I will agree with SD about looking elsewhere but this is also sight unseen.
|03-07-2008 07:55 PM|
My guess, since it is a 1984 31' boat, is that it is not one of the Cherubini designs. The Cherubini designs were much more well regarded than the early non-Cherubini designs IIRC. Personally, I'd recommend looking elsewhere.
If you're still interested in the boat, you might want to get Don Casey's Inspecting the Aging Sailboat and read it. It has a pretty good checklist for you to follow. Get it...go to the boat with the checklist and see how it does.... if it passes, then the boat is probably worth looking at further.
|03-07-2008 07:20 PM|
Thanks for your advice and pointers on posting, original post has been "fixed".
In regards to the Hunter, its a 1984 w/ Yanmar of unknown hours. Sails, main and 100% genoa, are said to be in fair condition, unverified. Needs plenty of interior cleaning. Boat is in water and unable to gauge condition of hull. Electric heater running in engine compartment, I assume all winter. No owner to talk to. Sail cover and dodger are torn. Cushions in cabin have a few torn spots. Hot/cold water, stove/oven, standard nav./speed gauges.

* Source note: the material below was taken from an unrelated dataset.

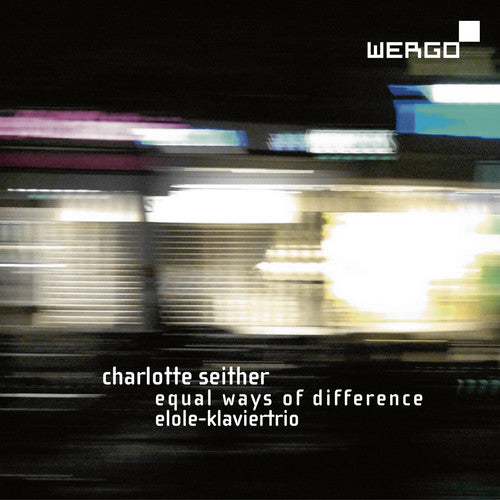 

CD диск Seither, C.: Equal Ways of Difference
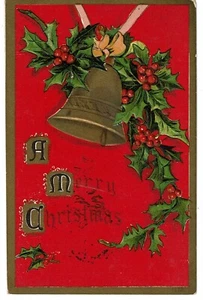 1909 vintage A Merry Christmas greeting postcard embossed bell & holly red gold - Picture 1 of 4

I am capable of doing the work to get it back in shape, just need to be realistic about how much time and money. It doesn't have to be done all at once for my benefit. Asking price in the mid teens. Before I would make an offer and then invest in a survey, I would sure love your opinions and suggestions.
|03-07-2008 10:58 AM|
Tell us about the boat. Year, condition, extra equipment and so on.